Monitorare, prevenire, ma anche reinvestire in quei terreni che la Xylella ha reso improduttivi. Oggi esiste un decreto ministeriale con lo stanziamento di 300milioni di euro che dovrebbero dare una boccata di ossigeno a chi da anni non raccoglie più e ai frantoi che sono in crisi. Ma non bastano. “Servono – ha rimarcato Alfonso Cavallo, presidente Coldiretti Taranto – risorse copiose e, soprattutto, una programmazione nuova, una progettualità seria per un rinnovamento e una diversificazione dell’assetto produttivo di quei terreni”. Da una parte, quindi, necessitano indennizzi per far fronte al mancato reddito, dall’altro risorse che servano a programmare una rigenerazione produttiva di quei terreni con varietà resistenti di olivo o anche con altre colture.

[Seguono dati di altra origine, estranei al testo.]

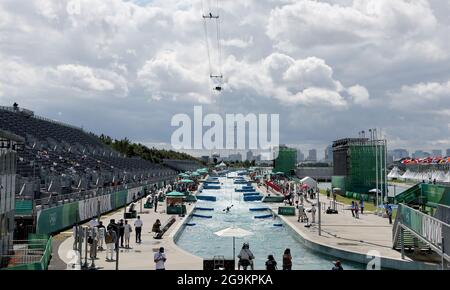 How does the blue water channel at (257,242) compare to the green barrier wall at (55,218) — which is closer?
the blue water channel at (257,242)

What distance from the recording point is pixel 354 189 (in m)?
66.6

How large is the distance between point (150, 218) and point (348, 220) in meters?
15.7

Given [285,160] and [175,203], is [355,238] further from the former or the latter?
[285,160]

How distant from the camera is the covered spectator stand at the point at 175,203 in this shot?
41.4 meters

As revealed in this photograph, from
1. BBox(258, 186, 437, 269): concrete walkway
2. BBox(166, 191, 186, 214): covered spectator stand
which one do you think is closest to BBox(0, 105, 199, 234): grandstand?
BBox(166, 191, 186, 214): covered spectator stand

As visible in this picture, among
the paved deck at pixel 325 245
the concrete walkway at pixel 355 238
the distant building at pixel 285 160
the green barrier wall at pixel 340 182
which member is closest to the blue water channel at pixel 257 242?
the concrete walkway at pixel 355 238

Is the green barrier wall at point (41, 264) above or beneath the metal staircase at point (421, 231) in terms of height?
beneath

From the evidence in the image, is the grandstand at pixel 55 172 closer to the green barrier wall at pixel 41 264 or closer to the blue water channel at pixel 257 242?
the green barrier wall at pixel 41 264

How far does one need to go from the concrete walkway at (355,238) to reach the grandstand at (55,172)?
600 inches

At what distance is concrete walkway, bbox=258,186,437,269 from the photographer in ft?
67.3

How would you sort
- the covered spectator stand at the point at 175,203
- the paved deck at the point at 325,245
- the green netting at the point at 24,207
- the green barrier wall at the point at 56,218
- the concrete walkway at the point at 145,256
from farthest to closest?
the covered spectator stand at the point at 175,203 → the green barrier wall at the point at 56,218 → the green netting at the point at 24,207 → the paved deck at the point at 325,245 → the concrete walkway at the point at 145,256

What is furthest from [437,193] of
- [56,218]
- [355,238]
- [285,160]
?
[285,160]

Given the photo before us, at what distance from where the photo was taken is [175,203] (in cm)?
4553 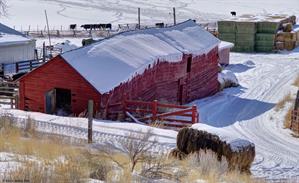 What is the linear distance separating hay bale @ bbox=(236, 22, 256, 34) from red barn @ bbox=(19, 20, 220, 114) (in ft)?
66.7

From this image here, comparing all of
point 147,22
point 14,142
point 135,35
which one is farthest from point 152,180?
point 147,22

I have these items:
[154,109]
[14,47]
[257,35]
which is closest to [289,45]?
[257,35]

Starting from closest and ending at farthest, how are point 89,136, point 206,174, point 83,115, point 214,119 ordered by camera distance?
point 206,174 → point 89,136 → point 83,115 → point 214,119

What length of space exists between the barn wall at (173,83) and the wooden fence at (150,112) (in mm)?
357

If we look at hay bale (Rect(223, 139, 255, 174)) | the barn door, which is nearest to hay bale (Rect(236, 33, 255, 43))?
the barn door

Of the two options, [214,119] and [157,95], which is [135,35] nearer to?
[157,95]

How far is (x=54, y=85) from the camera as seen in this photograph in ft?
66.6

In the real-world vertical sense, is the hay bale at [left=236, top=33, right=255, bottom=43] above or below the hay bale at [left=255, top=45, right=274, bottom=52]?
above

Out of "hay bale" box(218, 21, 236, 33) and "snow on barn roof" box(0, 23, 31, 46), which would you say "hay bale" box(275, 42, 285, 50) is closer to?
"hay bale" box(218, 21, 236, 33)

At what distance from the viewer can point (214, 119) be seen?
2370 centimetres

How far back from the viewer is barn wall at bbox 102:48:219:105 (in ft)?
70.1

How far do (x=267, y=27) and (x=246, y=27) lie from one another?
2017mm

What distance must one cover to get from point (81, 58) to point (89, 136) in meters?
8.49

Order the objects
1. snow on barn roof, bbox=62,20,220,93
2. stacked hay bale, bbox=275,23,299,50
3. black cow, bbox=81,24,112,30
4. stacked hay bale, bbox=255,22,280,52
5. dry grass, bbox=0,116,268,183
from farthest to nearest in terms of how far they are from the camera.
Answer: black cow, bbox=81,24,112,30 < stacked hay bale, bbox=275,23,299,50 < stacked hay bale, bbox=255,22,280,52 < snow on barn roof, bbox=62,20,220,93 < dry grass, bbox=0,116,268,183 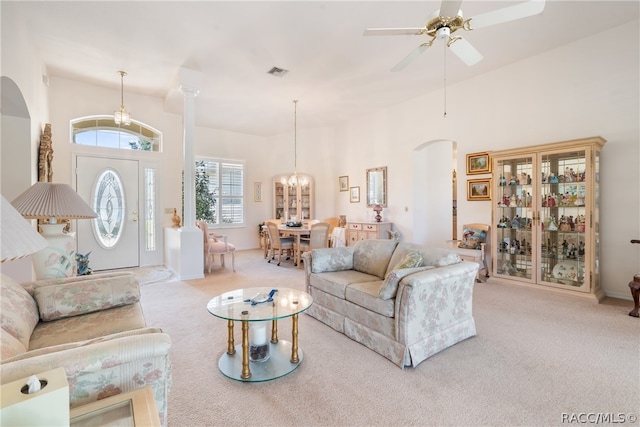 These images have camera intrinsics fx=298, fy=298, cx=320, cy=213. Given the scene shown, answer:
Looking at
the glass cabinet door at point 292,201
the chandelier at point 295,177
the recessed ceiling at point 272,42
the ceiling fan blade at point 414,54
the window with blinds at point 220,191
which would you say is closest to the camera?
the ceiling fan blade at point 414,54

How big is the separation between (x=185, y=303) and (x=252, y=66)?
343 centimetres

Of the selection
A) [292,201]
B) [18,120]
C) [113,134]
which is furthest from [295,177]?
[18,120]

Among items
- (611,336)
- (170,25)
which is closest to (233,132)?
(170,25)

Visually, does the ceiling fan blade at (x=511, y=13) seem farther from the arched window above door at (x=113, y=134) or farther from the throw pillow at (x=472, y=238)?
the arched window above door at (x=113, y=134)

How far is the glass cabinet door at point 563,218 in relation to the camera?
12.5 ft

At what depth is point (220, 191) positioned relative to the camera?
7676 millimetres

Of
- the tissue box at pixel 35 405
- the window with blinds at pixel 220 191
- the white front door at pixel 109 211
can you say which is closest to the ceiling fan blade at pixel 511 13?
the tissue box at pixel 35 405

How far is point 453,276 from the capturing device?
245 cm

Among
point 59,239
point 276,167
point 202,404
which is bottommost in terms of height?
point 202,404

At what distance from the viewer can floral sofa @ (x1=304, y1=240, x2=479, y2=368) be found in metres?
2.23

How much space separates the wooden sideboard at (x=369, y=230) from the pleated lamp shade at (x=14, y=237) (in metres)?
5.58

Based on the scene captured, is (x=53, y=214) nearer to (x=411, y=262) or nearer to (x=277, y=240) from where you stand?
(x=411, y=262)

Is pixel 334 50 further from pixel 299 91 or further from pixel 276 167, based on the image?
pixel 276 167

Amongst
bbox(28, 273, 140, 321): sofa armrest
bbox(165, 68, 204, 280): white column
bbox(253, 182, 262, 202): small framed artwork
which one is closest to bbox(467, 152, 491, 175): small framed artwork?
bbox(165, 68, 204, 280): white column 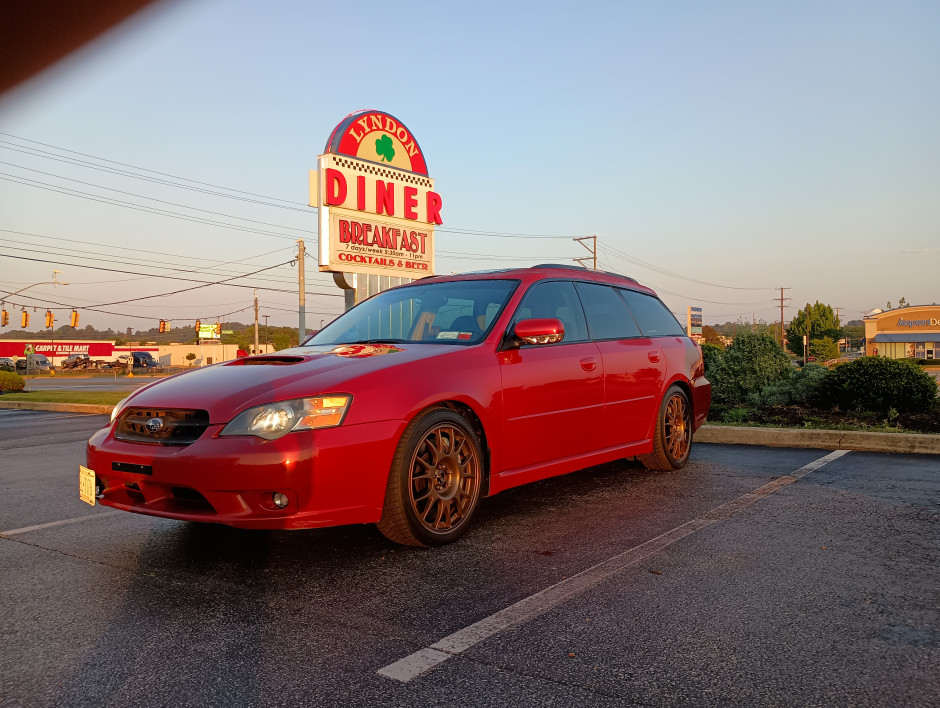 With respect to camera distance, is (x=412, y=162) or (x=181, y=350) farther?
(x=181, y=350)

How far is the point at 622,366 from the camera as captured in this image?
5715 mm

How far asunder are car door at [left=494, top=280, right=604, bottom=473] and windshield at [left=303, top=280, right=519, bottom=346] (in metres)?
0.21

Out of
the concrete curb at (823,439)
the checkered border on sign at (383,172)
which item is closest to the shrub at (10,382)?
the checkered border on sign at (383,172)

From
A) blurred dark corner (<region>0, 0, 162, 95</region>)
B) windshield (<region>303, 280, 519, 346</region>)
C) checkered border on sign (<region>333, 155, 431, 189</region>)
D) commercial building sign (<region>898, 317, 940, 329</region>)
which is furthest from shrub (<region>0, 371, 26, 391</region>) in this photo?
commercial building sign (<region>898, 317, 940, 329</region>)

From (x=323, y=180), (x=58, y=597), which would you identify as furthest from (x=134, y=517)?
(x=323, y=180)

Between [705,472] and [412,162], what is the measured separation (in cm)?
1108

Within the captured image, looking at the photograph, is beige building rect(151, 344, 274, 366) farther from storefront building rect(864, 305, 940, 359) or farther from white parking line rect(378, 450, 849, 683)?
white parking line rect(378, 450, 849, 683)

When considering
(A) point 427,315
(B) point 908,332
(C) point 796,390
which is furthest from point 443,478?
(B) point 908,332

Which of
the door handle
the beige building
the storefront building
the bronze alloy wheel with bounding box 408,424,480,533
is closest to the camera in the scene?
the bronze alloy wheel with bounding box 408,424,480,533

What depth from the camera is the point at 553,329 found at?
15.3 ft

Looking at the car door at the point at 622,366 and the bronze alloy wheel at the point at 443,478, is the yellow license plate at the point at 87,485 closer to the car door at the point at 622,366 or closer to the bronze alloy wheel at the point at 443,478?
the bronze alloy wheel at the point at 443,478

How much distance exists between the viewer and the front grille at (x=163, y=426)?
374 centimetres

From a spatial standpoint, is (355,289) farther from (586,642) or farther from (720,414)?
(586,642)

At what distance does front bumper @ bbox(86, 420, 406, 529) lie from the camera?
3.53m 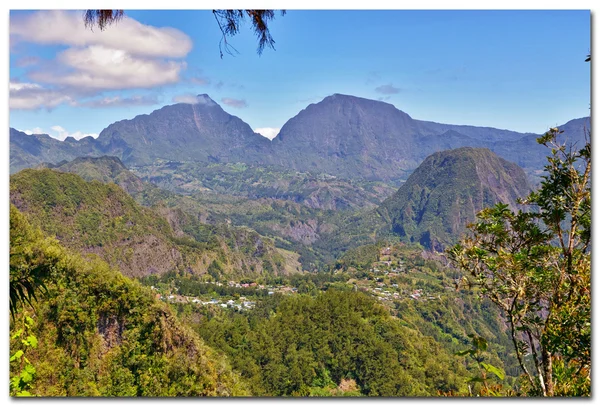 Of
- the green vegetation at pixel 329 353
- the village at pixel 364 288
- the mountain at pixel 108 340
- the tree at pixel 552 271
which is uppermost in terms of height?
the tree at pixel 552 271

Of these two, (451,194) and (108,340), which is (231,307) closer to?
(108,340)

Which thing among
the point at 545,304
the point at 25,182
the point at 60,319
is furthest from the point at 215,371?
the point at 25,182

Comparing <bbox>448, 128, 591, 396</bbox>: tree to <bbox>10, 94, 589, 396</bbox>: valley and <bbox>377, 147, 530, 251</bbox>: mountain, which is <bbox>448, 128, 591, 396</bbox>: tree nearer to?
<bbox>10, 94, 589, 396</bbox>: valley

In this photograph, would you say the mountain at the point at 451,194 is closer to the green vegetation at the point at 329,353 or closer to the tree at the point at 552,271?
the green vegetation at the point at 329,353

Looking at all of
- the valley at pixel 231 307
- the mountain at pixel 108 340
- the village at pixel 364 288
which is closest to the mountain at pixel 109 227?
the valley at pixel 231 307

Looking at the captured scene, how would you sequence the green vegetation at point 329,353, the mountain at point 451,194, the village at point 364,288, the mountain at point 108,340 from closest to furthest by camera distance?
the mountain at point 108,340
the green vegetation at point 329,353
the village at point 364,288
the mountain at point 451,194

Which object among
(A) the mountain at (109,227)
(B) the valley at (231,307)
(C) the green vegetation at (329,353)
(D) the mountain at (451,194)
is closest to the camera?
(B) the valley at (231,307)

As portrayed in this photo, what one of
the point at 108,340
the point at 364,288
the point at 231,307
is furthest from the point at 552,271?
the point at 364,288

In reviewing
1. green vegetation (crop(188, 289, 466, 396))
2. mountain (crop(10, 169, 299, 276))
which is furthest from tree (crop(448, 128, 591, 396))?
mountain (crop(10, 169, 299, 276))

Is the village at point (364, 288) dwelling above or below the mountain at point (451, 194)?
below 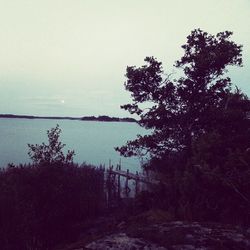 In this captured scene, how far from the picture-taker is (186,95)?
17.0 m

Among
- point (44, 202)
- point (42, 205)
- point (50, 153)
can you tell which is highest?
point (50, 153)

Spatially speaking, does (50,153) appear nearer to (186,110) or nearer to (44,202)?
(44,202)

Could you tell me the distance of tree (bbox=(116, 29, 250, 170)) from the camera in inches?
659

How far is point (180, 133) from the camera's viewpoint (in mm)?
17016

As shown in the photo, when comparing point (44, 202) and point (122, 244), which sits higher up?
point (122, 244)

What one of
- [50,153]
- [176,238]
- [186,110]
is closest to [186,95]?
[186,110]

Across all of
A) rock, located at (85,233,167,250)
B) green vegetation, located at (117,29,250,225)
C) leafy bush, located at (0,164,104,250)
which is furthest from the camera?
green vegetation, located at (117,29,250,225)

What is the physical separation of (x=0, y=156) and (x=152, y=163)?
1964 inches

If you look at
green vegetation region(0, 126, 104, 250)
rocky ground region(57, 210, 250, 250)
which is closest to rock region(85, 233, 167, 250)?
rocky ground region(57, 210, 250, 250)

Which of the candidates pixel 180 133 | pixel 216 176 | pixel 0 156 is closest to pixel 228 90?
pixel 180 133

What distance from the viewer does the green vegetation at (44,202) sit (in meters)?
11.9

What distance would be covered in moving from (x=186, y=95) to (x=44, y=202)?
26.1ft

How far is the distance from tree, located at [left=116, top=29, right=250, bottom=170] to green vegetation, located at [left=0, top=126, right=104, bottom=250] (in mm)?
3227

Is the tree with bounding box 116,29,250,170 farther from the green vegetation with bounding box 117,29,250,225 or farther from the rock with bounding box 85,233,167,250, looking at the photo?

E, così, nell’emergenza continua la sperimentazione per verificare la resistenza di alcune cultivar al batterio. Come spiegato da Giovanni Melcarne (presidente del Consorzio di Tutela Dop Terra D’Otranto), già la sperimentazione, oltre a confermare i fenomeni di resistenza della cultivar Leccino, aveva dimostrato un’ulteriore resistenza della Favolosa al batterio. Ma ora si sta tentando la strada degli innesti e quello a corona è quello che sta dando maggiori risposte in termini di attecchimento rispetto a quello a pezza. Quello a corona garantisce una velocità di ricostruzione dell’apparato fogliare migliore. Ma si è sempre in una fase sperimentale, sono tentativi.
Se le piante sono asintomatiche c’è maggiore possibilità per la riuscita degli innesti. E la Leccino o la FS17 sono le piante più resistenti, ma non immuni dal batterio, sulle quali gli innesti ed, in particolare, quello a corona, oggi sembrano attecchire maggiormente.